● **WHAT NEEDS TO BE DONE**
When you reach the records, transcribe each one exactly.

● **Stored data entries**
--- START ---

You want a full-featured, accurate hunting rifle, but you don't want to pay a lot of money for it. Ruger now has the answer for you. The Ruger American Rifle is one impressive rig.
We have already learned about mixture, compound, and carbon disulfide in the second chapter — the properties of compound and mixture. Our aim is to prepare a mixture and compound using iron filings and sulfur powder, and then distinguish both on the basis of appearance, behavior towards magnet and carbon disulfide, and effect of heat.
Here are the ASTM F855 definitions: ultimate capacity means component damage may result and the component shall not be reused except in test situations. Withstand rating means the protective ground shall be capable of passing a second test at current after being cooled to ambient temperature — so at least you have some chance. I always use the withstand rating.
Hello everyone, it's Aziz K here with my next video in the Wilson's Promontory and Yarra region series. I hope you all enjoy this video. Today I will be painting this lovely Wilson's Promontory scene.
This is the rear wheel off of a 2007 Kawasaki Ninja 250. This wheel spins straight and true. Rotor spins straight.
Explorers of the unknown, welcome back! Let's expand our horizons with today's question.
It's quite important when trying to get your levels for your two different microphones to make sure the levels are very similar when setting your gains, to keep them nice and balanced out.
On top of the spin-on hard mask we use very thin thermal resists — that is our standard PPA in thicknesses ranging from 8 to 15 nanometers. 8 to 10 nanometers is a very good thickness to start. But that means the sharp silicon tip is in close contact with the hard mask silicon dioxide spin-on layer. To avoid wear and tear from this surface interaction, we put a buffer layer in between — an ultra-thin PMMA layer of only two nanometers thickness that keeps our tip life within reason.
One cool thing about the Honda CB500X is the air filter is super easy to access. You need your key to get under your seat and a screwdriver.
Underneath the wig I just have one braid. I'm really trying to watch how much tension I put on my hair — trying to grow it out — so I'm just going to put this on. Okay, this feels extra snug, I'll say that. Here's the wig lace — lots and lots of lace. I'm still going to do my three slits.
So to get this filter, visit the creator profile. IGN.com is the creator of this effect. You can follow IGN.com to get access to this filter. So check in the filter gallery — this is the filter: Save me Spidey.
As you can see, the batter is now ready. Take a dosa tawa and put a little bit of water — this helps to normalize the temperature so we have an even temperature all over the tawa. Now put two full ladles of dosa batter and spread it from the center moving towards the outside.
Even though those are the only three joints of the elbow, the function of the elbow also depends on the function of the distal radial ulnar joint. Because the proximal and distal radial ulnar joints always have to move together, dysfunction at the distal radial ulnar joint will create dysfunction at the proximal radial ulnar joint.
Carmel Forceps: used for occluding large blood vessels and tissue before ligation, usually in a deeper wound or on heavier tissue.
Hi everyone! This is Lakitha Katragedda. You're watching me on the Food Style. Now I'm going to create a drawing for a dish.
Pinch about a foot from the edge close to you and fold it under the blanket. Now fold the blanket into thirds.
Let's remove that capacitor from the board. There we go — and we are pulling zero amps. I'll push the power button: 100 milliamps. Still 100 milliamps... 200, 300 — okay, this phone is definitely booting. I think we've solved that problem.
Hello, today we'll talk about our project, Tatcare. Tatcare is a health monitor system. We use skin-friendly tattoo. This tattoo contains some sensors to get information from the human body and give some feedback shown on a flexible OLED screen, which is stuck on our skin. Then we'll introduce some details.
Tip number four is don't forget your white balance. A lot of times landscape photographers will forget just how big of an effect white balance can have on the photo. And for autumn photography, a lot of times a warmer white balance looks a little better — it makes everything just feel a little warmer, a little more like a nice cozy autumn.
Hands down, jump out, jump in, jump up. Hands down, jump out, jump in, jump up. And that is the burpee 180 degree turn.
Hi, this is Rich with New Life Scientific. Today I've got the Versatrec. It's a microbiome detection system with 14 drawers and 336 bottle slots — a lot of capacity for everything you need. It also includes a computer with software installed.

--- END ---

● **EXERCISE RESPONSE**
You want a full-featured, accurate hunting rifle, but you don't want to pay a lot of money for it. Ruger now has the answer for you. The Ruger American Rifle is one impressive rig.
We have already learned about mixture, compound, and carbon disulfide in the second chapter — the properties of compound and mixture. Our aim is to prepare a mixture and compound using iron filings and sulfur powder, and then distinguish both on the basis of appearance, behavior towards magnet and carbon disulfide, and effect of heat.
Here are the ASTM F855 definitions: ultimate capacity means component damage may result and the component shall not be reused except in test situations. Withstand rating means the protective ground shall be capable of passing a second test at current after being cooled to ambient temperature — so at least you have some chance. I always use the withstand rating.
Hello everyone, it's Aziz K here with my next video in the Wilson's Promontory and Yarra region series. I hope you all enjoy this video. Today I will be painting this lovely Wilson's Promontory scene.
This is the rear wheel off of a 2007 Kawasaki Ninja 250. This wheel spins straight and true. Rotor spins straight.
Explorers of the unknown, welcome back! Let's expand our horizons with today's question.
It's quite important when trying to get your levels for your two different microphones to make sure the levels are very similar when setting your gains, to keep them nice and balanced out.
On top of the spin-on hard mask we use very thin thermal resists — that is our standard PPA in thicknesses ranging from 8 to 15 nanometers. 8 to 10 nanometers is a very good thickness to start. But that means the sharp silicon tip is in close contact with the hard mask silicon dioxide spin-on layer. To avoid wear and tear from this surface interaction, we put a buffer layer in between — an ultra-thin PMMA layer of only two nanometers thickness that keeps our tip life within reason.
One cool thing about the Honda CB500X is the air filter is super easy to access. You need your key to get under your seat and a screwdriver.
Underneath the wig I just have one braid. I'm really trying to watch how much tension I put on my hair — trying to grow it out — so I'm just going to put this on. Okay, this feels extra snug, I'll say that. Here's the wig lace — lots and lots of lace. I'm still going to do my three slits.
So to get this filter, visit the creator profile. IGN.com is the creator of this effect. You can follow IGN.com to get access to this filter. So check in the filter gallery — this is the filter: Save me Spidey.
As you can see, the batter is now ready. Take a dosa tawa and put a little bit of water — this helps to normalize the temperature so we have an even temperature all over the tawa. Now put two full ladles of dosa batter and spread it from the center moving towards the outside.
Even though those are the only three joints of the elbow, the function of the elbow also depends on the function of the distal radial ulnar joint. Because the proximal and distal radial ulnar joints always have to move together, dysfunction at the distal radial ulnar joint will create dysfunction at the proximal radial ulnar joint.
Carmel Forceps: used for occluding large blood vessels and tissue before ligation, usually in a deeper wound or on heavier tissue.
Hi everyone! This is Lakitha Katragedda. You're watching me on the Food Style. Now I'm going to create a drawing for a dish.
Pinch about a foot from the edge close to you and fold it under the blanket. Now fold the blanket into thirds.
Let's remove that capacitor from the board. There we go — and we are pulling zero amps. I'll push the power button: 100 milliamps. Still 100 milliamps... 200, 300 — okay, this phone is definitely booting. I think we've solved that problem.
Hello, today we'll talk about our project, Tatcare. Tatcare is a health monitor system. We use skin-friendly tattoo. This tattoo contains some sensors to get information from the human body and give some feedback shown on a flexible OLED screen, which is stuck on our skin. Then we'll introduce some details.
Tip number four is don't forget your white balance. A lot of times landscape photographers will forget just how big of an effect white balance can have on the photo. And for autumn photography, a lot of times a warmer white balance looks a little better — it makes everything just feel a little warmer, a little more like a nice cozy autumn.
Hands down, jump out, jump in, jump up. Hands down, jump out, jump in, jump up. And that is the burpee 180 degree turn.
Hi, this is Rich with New Life Scientific. Today I've got the Versatrec. It's a microbiome detection system with 14 drawers and 336 bottle slots — a lot of capacity for everything you need. It also includes a computer with software installed.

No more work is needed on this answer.